Нет, у Ритмы не выходной. Она в продуктовом отделе, но не у прилавка, а складывает на съемные полки черный хлеб и белые булки. Она стоит спиной, но Аскольд сразу узнает ее сдобную фигуру, которую белый халат, стянутый в талии узким ремешком, делает еще плотнее, подчеркивая крутую линию бедер. Белая наколка еле схватывает и удерживает копну темных кудрявых волос. И, прежде чем пройти в промтоварный отдел, Аскольд невольно замедляет шаг, на миг останавливаясь и, точно в рамку, заключая в круг зрения пышные Ритмины формы.
И она оглядывается – держа в каждой руке по белому батону, она оборачивается и улыбается, сразу расцветая, словно тотчас почувствовала его взгляд и – даже больше – знала наверное, что он придет, и втайне все время его ждала. Аскольд здоровается издали, она слегка кивает в ответ, снова отворачивается и привычными движениями продолжает складывать хлеб, больше не оглядываясь. А он стоит, мешкает, будто ожидая еще чего-то, что должно последовать, произойти, не представляя себе конкретно, что может произойти и чего он хочет дождаться.
Потом он заглядывает в промтовары. Теплых ботинок, как водится, нет. И вообще из обуви сорок пятого, его размера есть лишь какие-то черные не черные, серые не серые ужасные чеботы и мужские не мужские, женские не женские импортные сандалии с пряжками, которые на лето, может, и подойдут какому-нибудь бородачу, провинциальному франту, но в которых не может выйти учитель, тем более здесь в Мургале, без того чтобы ребята не пялили на него глаза, а их мамаши и бабки не слопали его без соли.

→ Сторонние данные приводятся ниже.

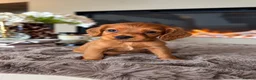 Cocker Spaniel dogs for sale: Dark red cocker pups - Advert 2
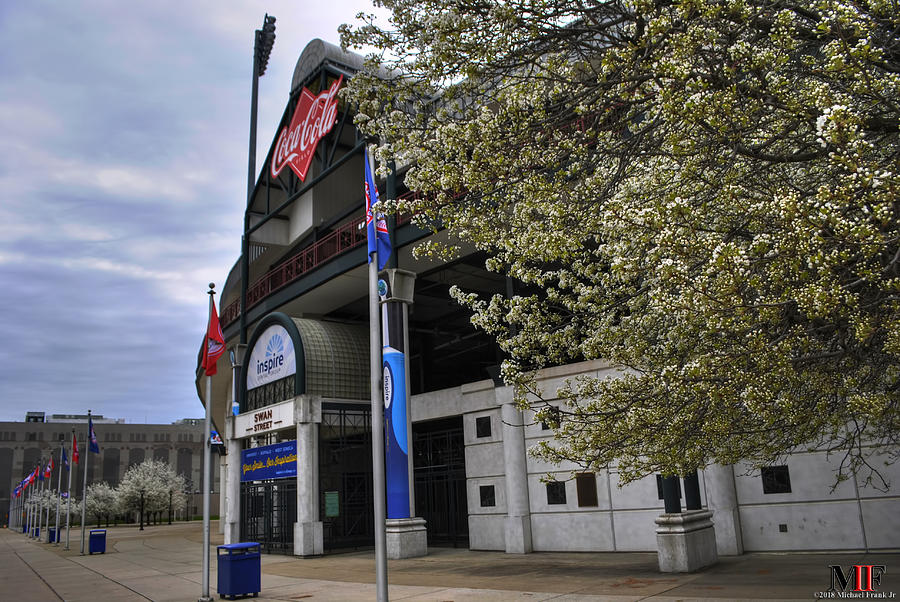002 COCA COLA FIELD n CHERRY BLOSSOMS Photograph by Michael Frank Jr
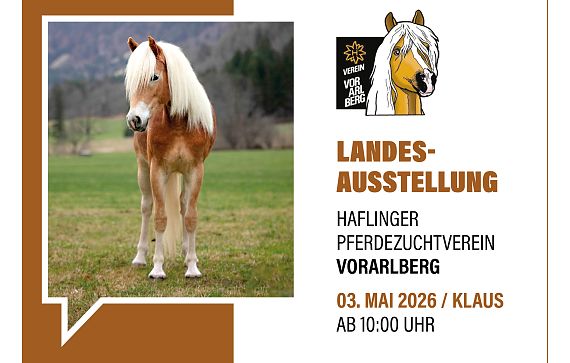 inserate-hengstkatalog-2026-6-2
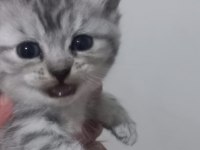 Scottish fold yeni yuva için hazırız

Так он думает, рассеянно скользя взглядом по полкам, в оживленном, приподнятом настроении, какое бывает обычно лишь в легком подпитии. И мрачноватый самоанализ, которым он себя донимал по дороге, как бы отодвинулся в прошлое, утратил важность в сравнении с этой минутой, когда ничего особого вроде и не происходит, и тем не менее она затмевает собою все – тоже как во хмелю.

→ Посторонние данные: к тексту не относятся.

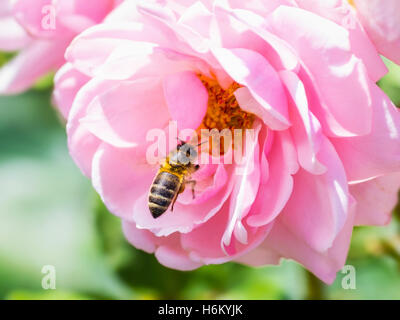 Biene bestäubende Rose Stockfoto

Кончив сгружать привезенный хлеб, Ритма вернулась к прилавку помочь другой продавщице обслуживать покупателей. И ничего нет естественней и проще, чем встать в хвост, дождаться своей очереди и купить что-нибудь из того, что здесь есть. Немного – сколько там влезет в папку, в карманы пальто. Магазин полон запаха хлеба и леденцов: ну, скажем, буханку свежего черного хлеба взять под мышку и грамм двести-триста монпансье, их так хорошо погрызть, когда проверяешь тетради, особенно сочинения, – от леденцов не слишком полнеешь, зато они взбадривают и даже слегка успокаивают, когда наткнешься на идиотский ход мысли или застрянешь в синтаксических джунглях.

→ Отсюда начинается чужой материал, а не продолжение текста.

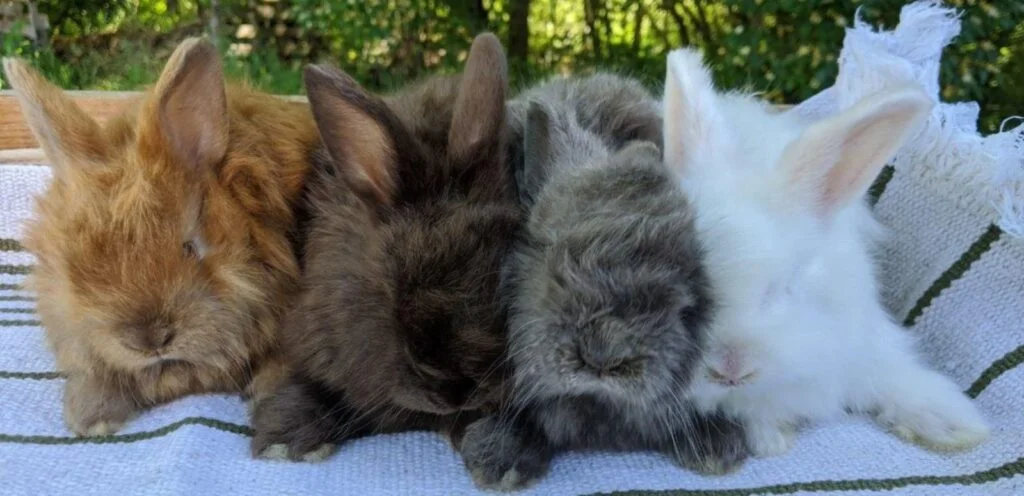 American Satin Rabbit | Glossy-Coated Rabbit Breed 2 American Satin Rabbit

И Аскольд становится в очередь и поверх голов наблюдает за Ритмой, смотрит на ее ловкие, рассчитанные движения, маленькие пухлые ладони, которые, блестя ободком кольца на безымянном пальце, взвешивают, сыплют, подают, получают деньги, отсчитывают сдачу, и снова режут, и кладут на весы, и тянутся за булками, и пустые бутылки меняют на полные. С легкой улыбкой, которой сам не замечает, он следит за тем, как Ритма делает такие будничные и привычные для продавщицы движения, приобретающие значение чуть ли не ритуала, когда их совершает Ритма, не поводя и бровью в сторону Аскольда и все же – он это смутно чувствует – постоянно ощущая на себе его пристальный взгляд, и оттого, пожалуй, держится слегка недоступно, без прежней естественности, непринужденности, однако это притворное небрежение по-своему красноречивее пылких взглядов. Деланное равнодушие говорит только об обратном, и Аскольд улавливает это безошибочно и сразу.
Ритма сегодня уже не такая, какой была вчера, и по мере продвижения Аскольда к прилавку кажется даже, что руки-ноги у нее как связанные: из рук падает нож, звякает об пол монета, палец цепляет на счетах лишнюю кость. Все это, может быть, просто случайности, каких за рабочий день, как ни крутись, наберется немало, но не менее вероятно, что причина этих мелких промашек в скрытой женской нервозности, ведь сами по себе они бы не стоили и внимания, если по этому поводу пошутить, посмеяться, на худой конец чертыхнуться, что ли. Ритма же, напротив, держится серьезно, слишком, чуть не до робости серьезно – как на экзамене, как на конкурсе, когда за каждое движение ставят оценки, баллы. Со вчерашнего дня что-то изменилось. Если тогда, в машине, Аскольд чувствовал себя не совсем уверенно, все время ощущая над собой власть Ритмы, она же, наоборот, была смела, лукава и даже немного дерзка, то сегодня она смущается и силится скрыть неуверенность. И его это окрыляет, вдохновляет, расковывает и поднимает в собственных глазах, иначе он не был бы мужчиной: уклончивость побуждает к действию, а бегство вызывает желание догнать – извечные законы природы не сгинули вместе с мамонтами и морскими коровами, они живы и в семидесятые годы двадцатого века и справедливы для homo intellectualis почти в той же мере, как для неандертальца.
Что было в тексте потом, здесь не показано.